Soal Kelanjutan Pembahasan RUU KUHP, Pemerintah Tunggu Surat Pimpinan DPR
Pemerintah menyatakan, sampai saat ini Presiden belum menerima surat dari pimpinan DPR terkait dengan kelanjutan pembahasan RUU KUHP. Jika surat itu telah diterima, dipastikan pembahasan RKUHP dapat dilanjutkan.
Oleh
RINI KUSTIASIH
·5 menit baca
JAKARTA, KOMPAS — Pemerintah masih menunggu surat pimpinan Dewan Perwakilan Rakyat untuk meneruskan pembahasan Rancangan Undang-Undang Hukum Pidana. Saat ini, pemerintah sedang merapikan kembali draf RUU Hukum Pidana setelah adanya perubahan terhadap 14 poin krusial yang telah disampaikan oleh Kementerian Hukum dan Hak Asasi Manusia dalam rapat dengan Komisi III DPR pada 25 Mei 2022.
Pelaksana Tugas Direktur Jenderal Peraturan Perundang-undangan Kementerian Hukum dan HAM Dhahana Putra, Selasa (7/6/2022), di Jakarta, mengatakan, sampai saat ini, pemerintah belum menerima surat dari pimpinan DPR terkait dengan kelanjutan pembahasan RUU KUHP. Sebelumnya, di dalam rapat antara Kementerian Hukum dan HAM dengan Komisi III DPR, 25 Mei 2022, disepakati tiga hal.

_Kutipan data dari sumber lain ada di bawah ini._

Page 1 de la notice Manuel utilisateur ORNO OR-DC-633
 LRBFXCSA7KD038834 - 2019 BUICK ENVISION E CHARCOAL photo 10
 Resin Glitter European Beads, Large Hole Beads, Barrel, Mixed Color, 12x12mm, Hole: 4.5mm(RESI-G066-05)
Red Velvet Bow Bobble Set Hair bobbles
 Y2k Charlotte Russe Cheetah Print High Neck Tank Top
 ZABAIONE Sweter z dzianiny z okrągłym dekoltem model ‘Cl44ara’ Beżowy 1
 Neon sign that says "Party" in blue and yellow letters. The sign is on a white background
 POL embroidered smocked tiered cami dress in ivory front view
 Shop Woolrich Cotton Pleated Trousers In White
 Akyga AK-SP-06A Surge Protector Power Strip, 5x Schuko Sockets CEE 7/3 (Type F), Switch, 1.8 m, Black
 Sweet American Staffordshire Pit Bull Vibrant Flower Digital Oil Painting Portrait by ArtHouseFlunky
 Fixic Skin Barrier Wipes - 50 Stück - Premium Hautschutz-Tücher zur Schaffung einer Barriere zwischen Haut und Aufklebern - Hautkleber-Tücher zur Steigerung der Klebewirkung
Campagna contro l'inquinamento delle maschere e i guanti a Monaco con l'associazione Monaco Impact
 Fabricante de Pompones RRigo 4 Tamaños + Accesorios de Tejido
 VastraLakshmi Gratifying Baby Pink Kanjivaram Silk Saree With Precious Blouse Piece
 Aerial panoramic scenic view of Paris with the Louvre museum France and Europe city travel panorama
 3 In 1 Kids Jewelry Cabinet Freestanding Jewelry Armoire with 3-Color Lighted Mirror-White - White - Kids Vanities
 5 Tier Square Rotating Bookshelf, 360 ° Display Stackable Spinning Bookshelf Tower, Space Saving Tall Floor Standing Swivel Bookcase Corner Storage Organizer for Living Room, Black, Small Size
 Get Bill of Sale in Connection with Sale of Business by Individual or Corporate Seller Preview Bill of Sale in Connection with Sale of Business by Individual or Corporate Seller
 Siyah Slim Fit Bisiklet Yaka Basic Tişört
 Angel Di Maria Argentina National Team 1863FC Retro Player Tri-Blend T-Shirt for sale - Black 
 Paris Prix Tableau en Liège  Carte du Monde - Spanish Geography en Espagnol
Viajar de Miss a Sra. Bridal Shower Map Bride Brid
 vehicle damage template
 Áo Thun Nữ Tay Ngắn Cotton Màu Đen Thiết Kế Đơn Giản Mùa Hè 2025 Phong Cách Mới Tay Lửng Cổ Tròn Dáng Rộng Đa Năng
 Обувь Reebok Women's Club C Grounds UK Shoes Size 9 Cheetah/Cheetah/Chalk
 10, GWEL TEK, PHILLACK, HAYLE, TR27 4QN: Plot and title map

Pertama, Komisi III DPR menerima penjelasan pemerintah terkait dengan 14 isu krusial dalam RKUHP hasil sosialisasi kepada masyarakat. Kedua, Komisi III DPR akan menindaklanjuti pembahasan RUU Operan (carry over) RKUHP dan RUU Pemasyarakatan sesuai dengan ketentuan perundang-undangan. Ketiga, Komisi III DPR akan menyampaikan surat pemberitahuan tindak lanjut pembahasan terhadap RKUHP dan RUU Pemasyarakatan kepada Presiden RI melalui pimpinan DPR.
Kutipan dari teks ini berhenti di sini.